He says he has only $10 in his paypal account  So, well..... you know.


----------



## axxo (Feb 15, 2008)

5 GB disk space
Unmetered  bandwidth
Unlimited MySQL databases
Unlimited   Add-on domains
Unlimited subdomains
PHP Flags manager
Fantastico
FTP access
File manager (browser upload)
Web mail
POP email accounts
Password protect folders
Php MyAdmin
Clustered servers

Price: ( USD )
*Per Month:* $1
*Semi Annually:* $6
*Annually:* $12
*Lifetime:* $20

anyone interested?


----------



## Sukhdeep Singh (Feb 16, 2008)

axxo said:


> 5 GB disk space
> * Unmetered  bandwidth*
> 
> Price: ( USD )
> ...



20 of these please


----------



## NucleusKore (Feb 16, 2008)

rahul964 said:


> I have 10$ in My paypal Account & i want to purchase Web hosting Account with out Adding Credit Card...
> 
> is any1 here who can help me???



Yes, you can now link Paypal to your bank account in India. See here for list of banks supported (List of NEFT enabled bank branches)
*www.rbi.org.in/scripts/neft.aspx

*img217.imageshack.us/img217/9472/pubthefuture2cisopen466cr4.png


----------



## axxo (Feb 16, 2008)

Sukhdeep Singh said:


> 20 of these please



looks like not believing..pm me will give more info on that.


----------



## ahref (Feb 16, 2008)

ravi_9793 said:


> If its for complete year......
> I think ewebguru (ashok) can offer you some cheap hosting. But I am scared he also cant give you 5Gb space @10$.
> 
> And, I cant even think to give 200 MB space at this price



@Ravi, Thanks for recommending me , I provide cheap hosting but not that much cheap. Need atleast $40 per year for 5GB space.


----------



## Pathik (Feb 16, 2008)

axxo said:


> 5 GB disk space
> Unmetered  bandwidth
> Unlimited MySQL databases
> Unlimited   Add-on domains
> ...


I want it..


----------



## axxo (Feb 16, 2008)

Pathik said:


> I want it..



sent a pm..if u are lucky enough you may get lifetime unlimited for $15 before feb 20


----------



## MetalheadGautham (Feb 20, 2008)

axxo said:


> sent a pm..if u are lucky enough you may get lifetime unlimited for $15 before feb 20


is there a catch ? it looks impossible. If genuine, I will take 100.


----------



## Sukhdeep Singh (Feb 20, 2008)

MetalheadGautham said:


> If *genuine*, I will take 100.



U think so


----------



## ravi_9793 (Feb 20, 2008)

MetalheadGautham said:


> is there a catch ? it looks impossible. If genuine, I will take 100.
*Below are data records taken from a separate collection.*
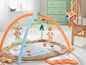 Baby-Spielmatte mit Bogen und Hängespielzeug, inklusive Hase, Fuchs und Wolke.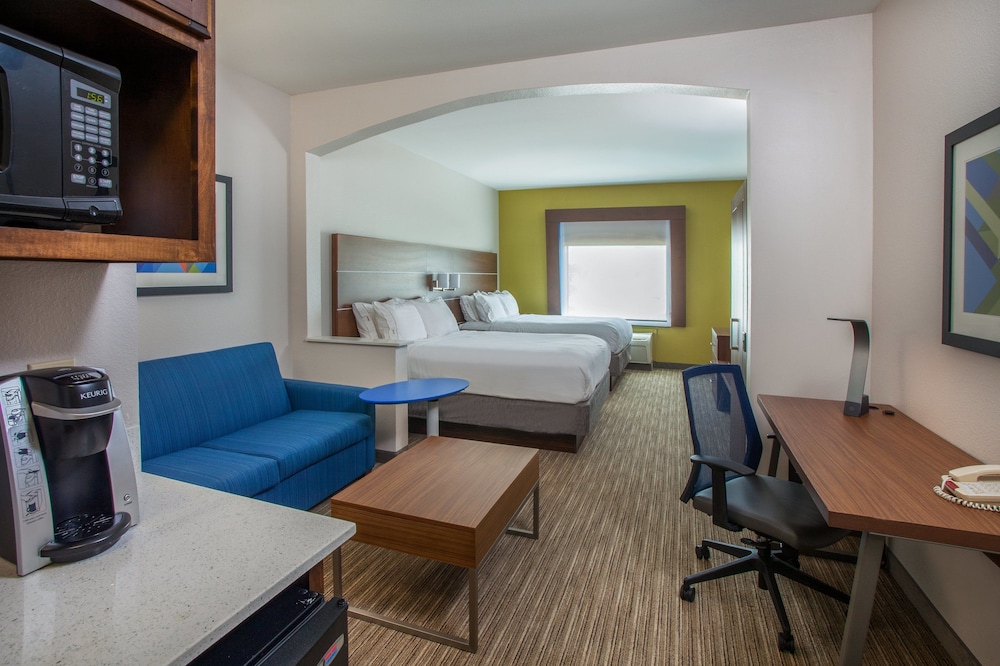 Suite, 1 Bedroom - Photo 3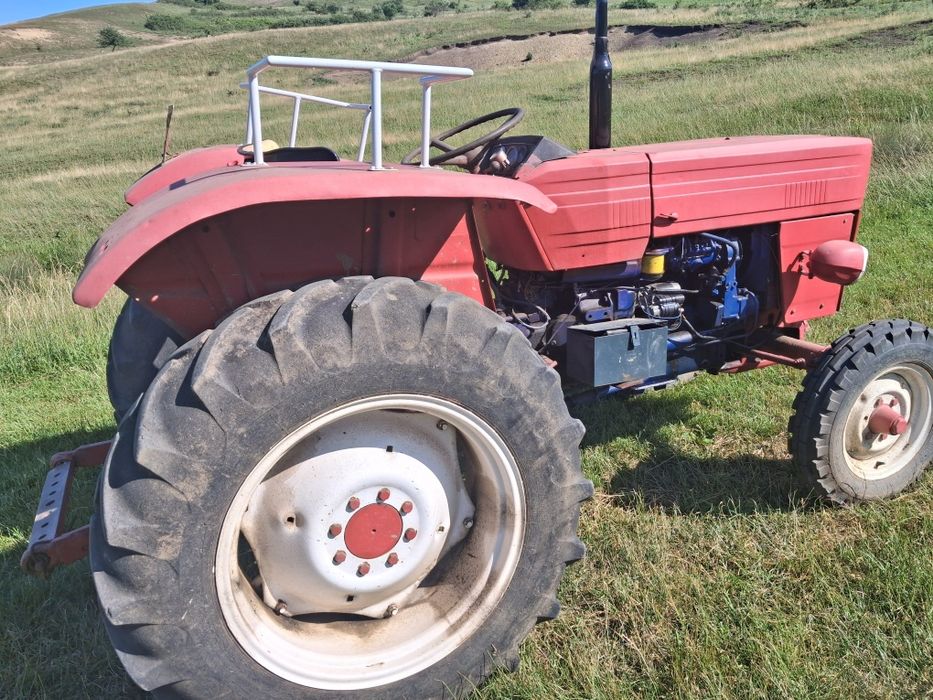 Vand tractor UTB 450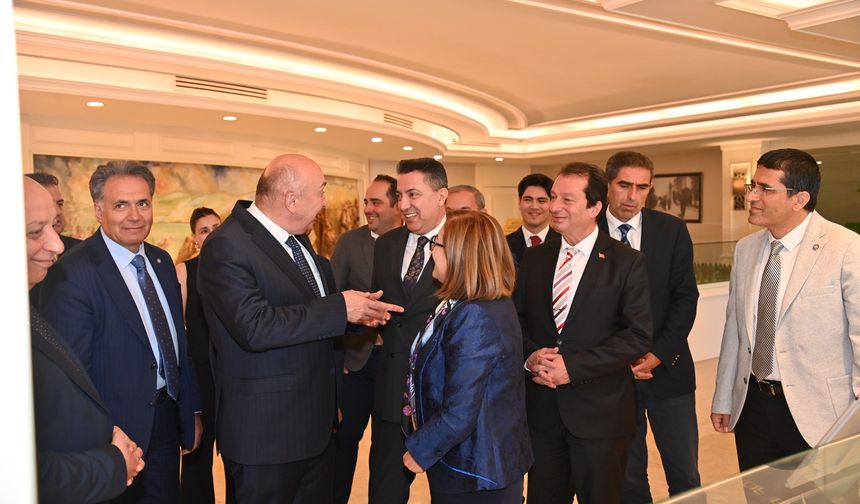 KSÜ Rektörü Yasım, Fatma Şahin'in misafiri oldu!
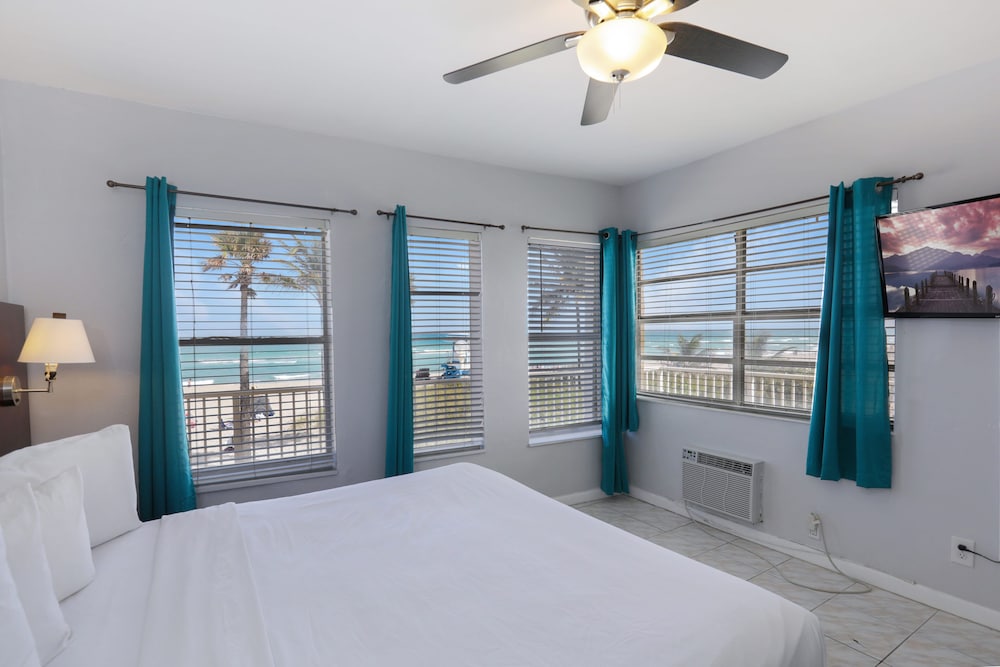 Hollywood Beach Hotels 70/92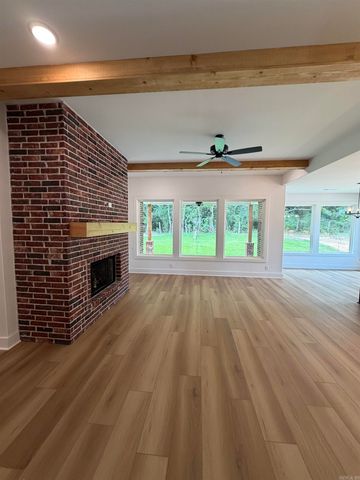 3933 Spencer Crossing, Benton, AR 72019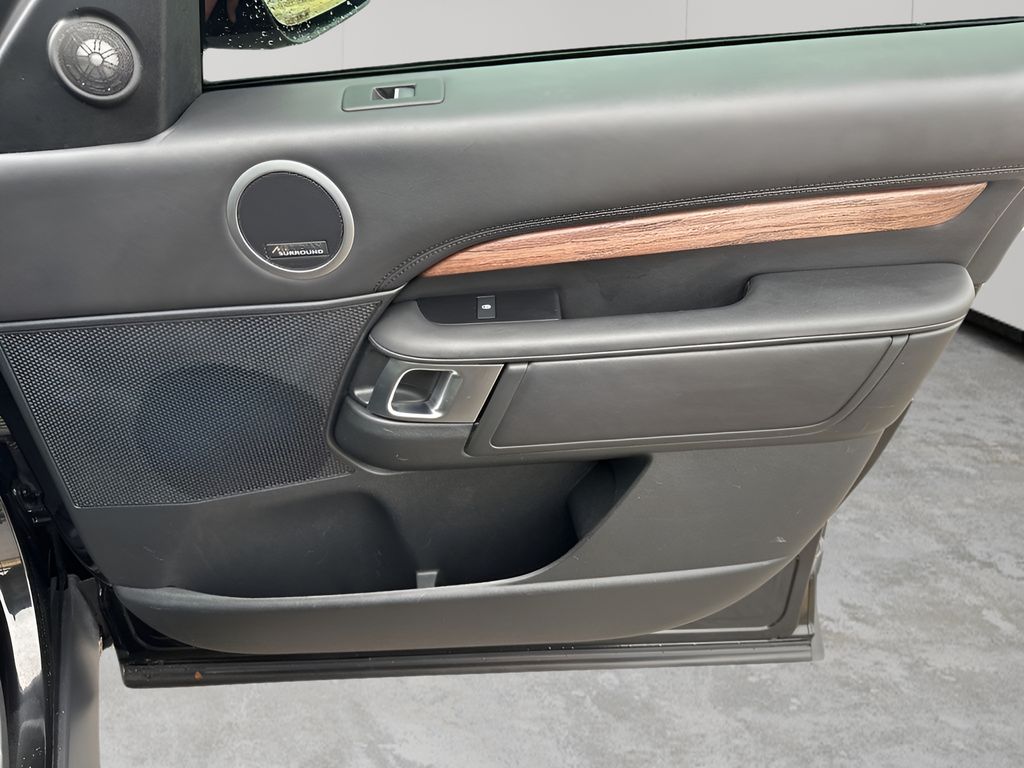 Used Car 2020 Land Rover Discovery  Hse Luxury For Sale Under $30,000 In Austin, Texas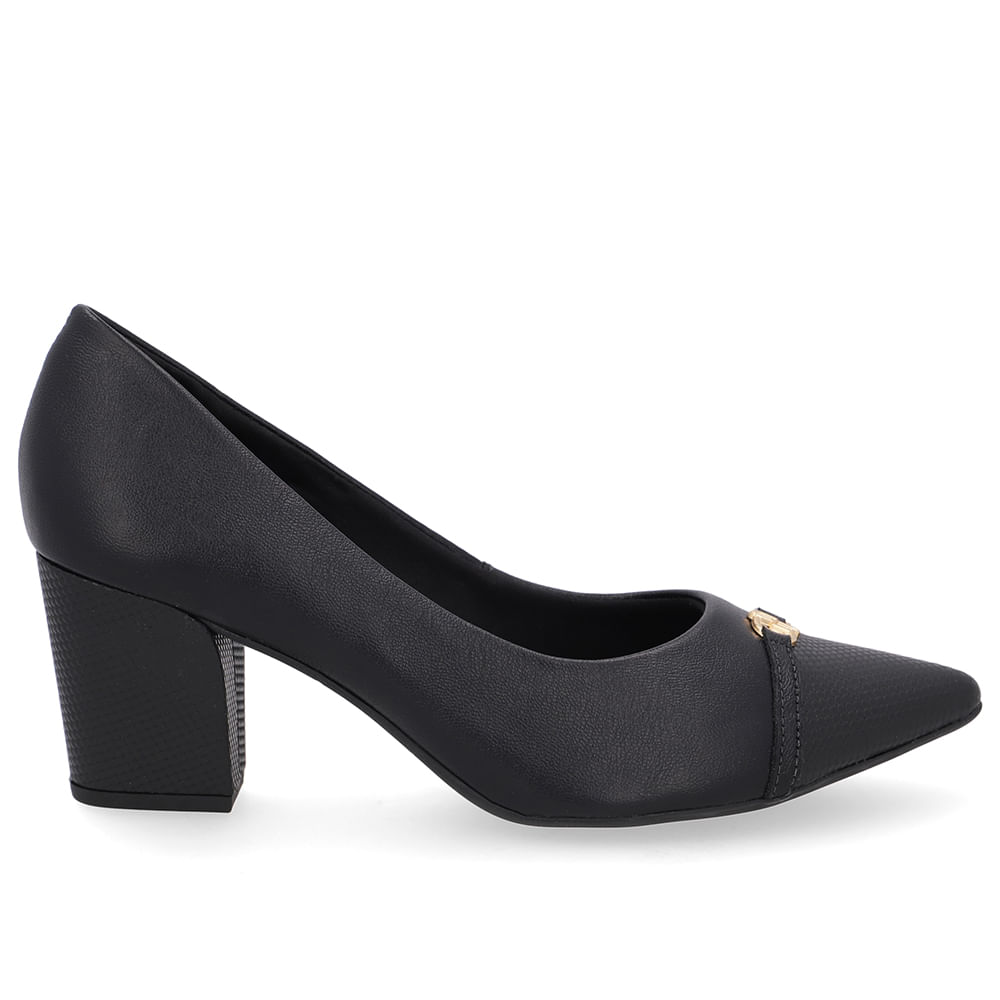Scarpin Couro Preto Bico Fino Enfeite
you will be putting 100 websites on high risk


----------



## ahref (Feb 20, 2008)

ravi_9793 said:


> you will be putting 100 websites on high risk



It is wrong to underestimate others business model. There are sites which are providing free hosting, he is atleast charging some money. He may have some strong business model, but he has to convince his customer, that his business will survive after providing this type of service.


----------



## ravi_9793 (Feb 20, 2008)

ahref said:


> There are sites which are providing free hosting, he is atleast charging some money. .


But all free host have something background.
Let me give you some examples:
1) frihost.com ej.am and many others want forum posting in return.
2) Will either put some restriction, like SMTP off (110mb.com), no SQL databse, and want you to go for paid membership to avail these features.
3) will put ads on the site.
4) Dont allow domain hosting.
5) And many are scams......
once your site is famous...they just put own site, or will start asking money.

And like this, there are many ways of free host to make money.

And cheap hosting is only attractive in start. Once the site start eating space and bandwidth, the host will ask to upgrade plans, giving excuse as"this is root thing and we cannot do anything".


----------



## rahul964 (Feb 24, 2008)

rubbish,
iwant web hosting for 1 year,for 10$...from alertpay account
not from paypal account


----------



## slugger (Feb 24, 2008)

rahul964 said:


> Will Any 1 Help me...
> *Payment method: paypal*
> I visited www.godaddy.com & choose my plan but when the payment page appearn it asking to add credit cart..but i have no Credit card..
> 
> *I have 10$ in My paypal Account* & i want to purchase Web hosting Account with out Adding Credit Card...





rahul964 said:


> rubbish,
> iwant web hosting for 1 year,for 10$...from alertpay account
> *not from paypal account*



*hangover still not gone????*

and who has said what that rubbishing them?


----------



## valtea (Feb 26, 2008)

If its for just an alternative to free hosting and that you wont mind your website taken offline, then definitely go for it. 
If its going to be a permanent site and that you want to give a good and reliable service to your site visitors then go for a good (well known) service, though you may have to pay more than $10 for a 5GB hosting


----------